→ **Supplied information**
┌──

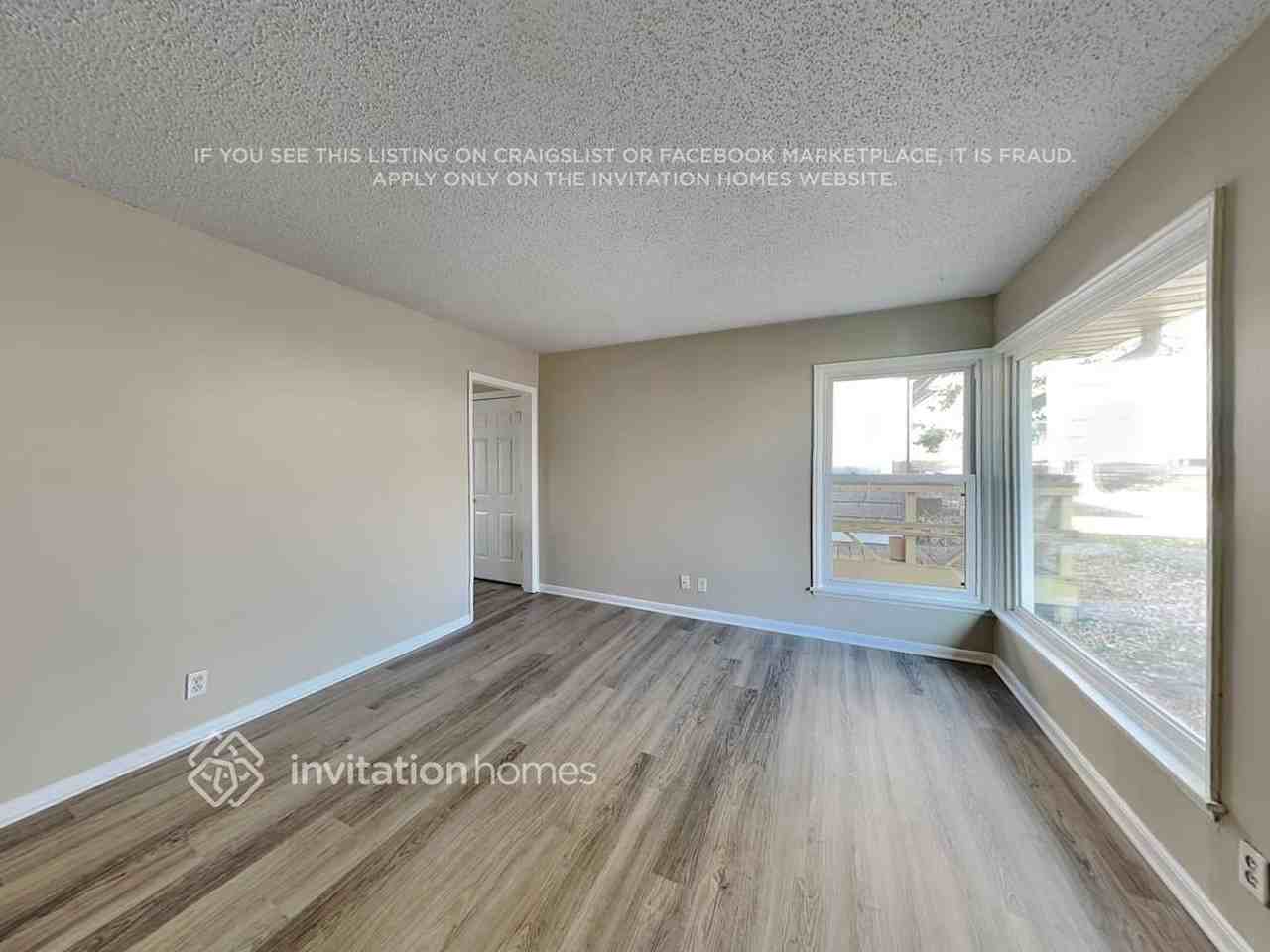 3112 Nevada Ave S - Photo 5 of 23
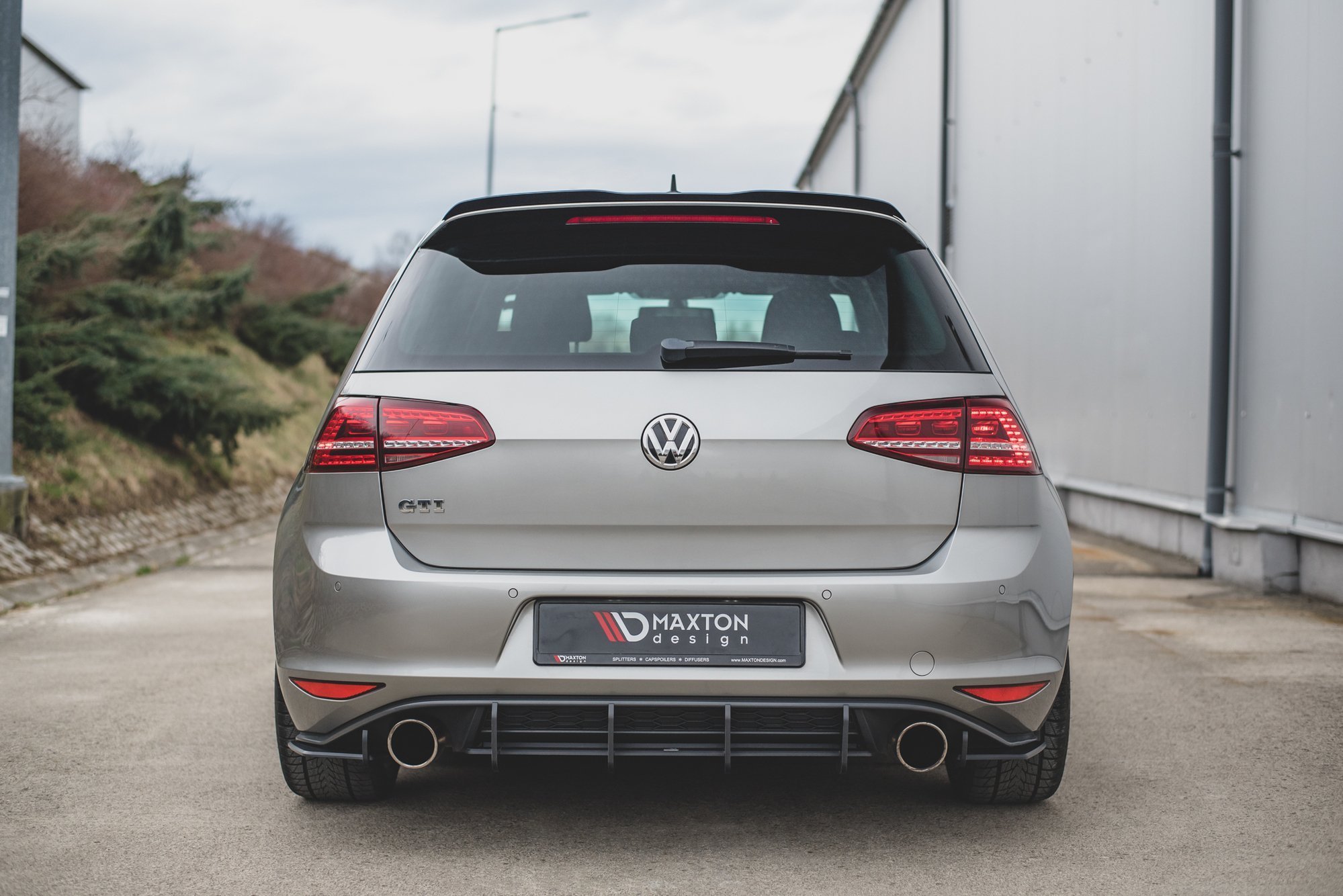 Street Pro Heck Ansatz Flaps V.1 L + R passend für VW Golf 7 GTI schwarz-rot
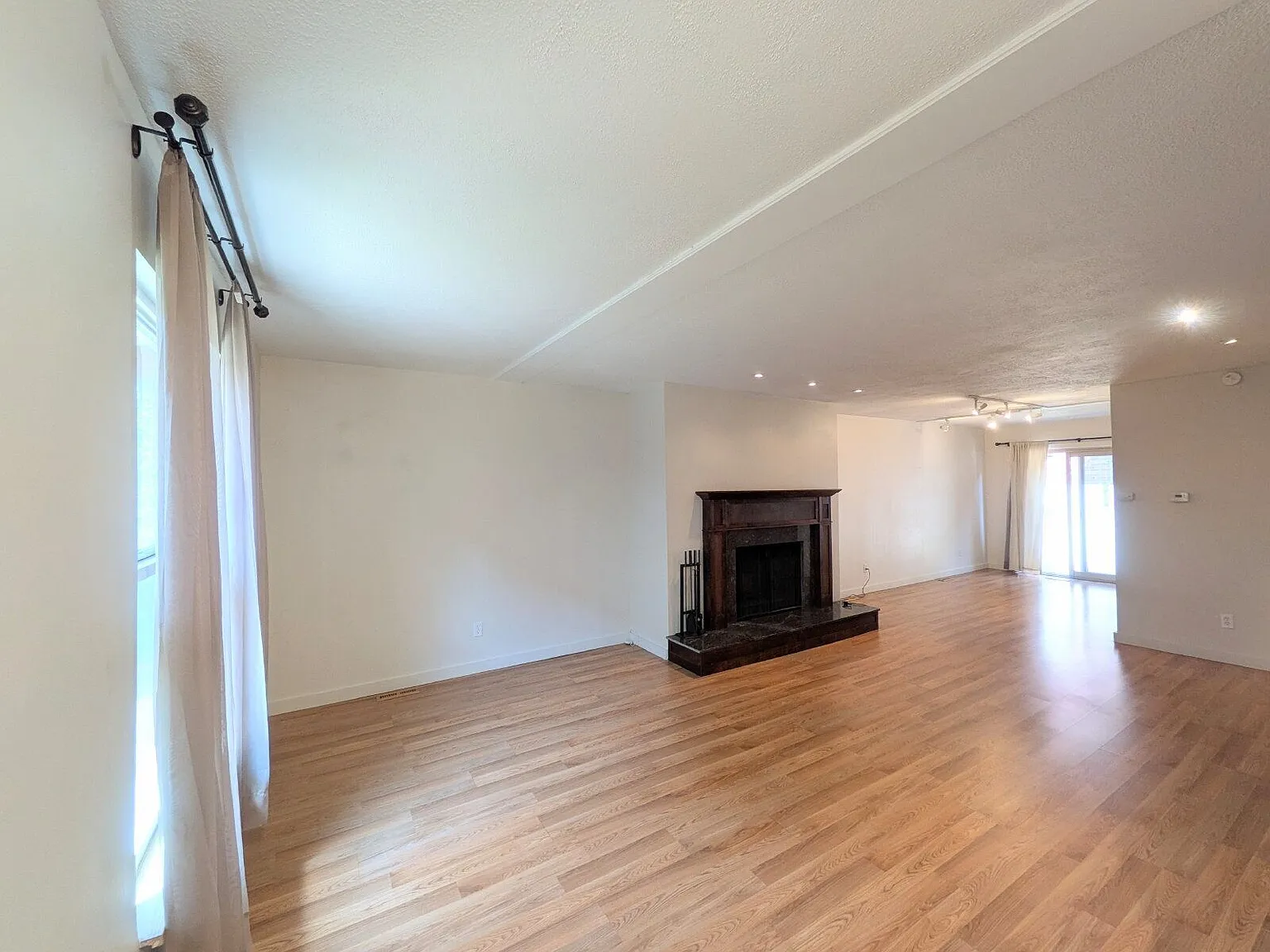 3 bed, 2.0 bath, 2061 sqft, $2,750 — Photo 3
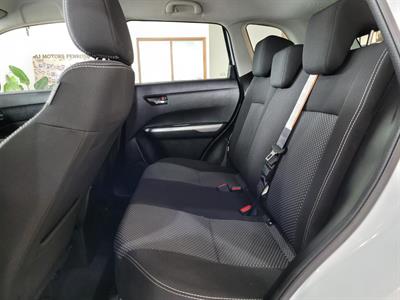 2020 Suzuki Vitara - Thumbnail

└──

→ **Work request**
Copy all of the data word for word, and keep the pictures out of it.

→ **Task answer**
 3112 Nevada Ave S - Photo 5 of 23
 Street Pro Heck Ansatz Flaps V.1 L + R passend für VW Golf 7 GTI schwarz-rot
 3 bed, 2.0 bath, 2061 sqft, $2,750 — Photo 3
 2020 Suzuki Vitara - Thumbnail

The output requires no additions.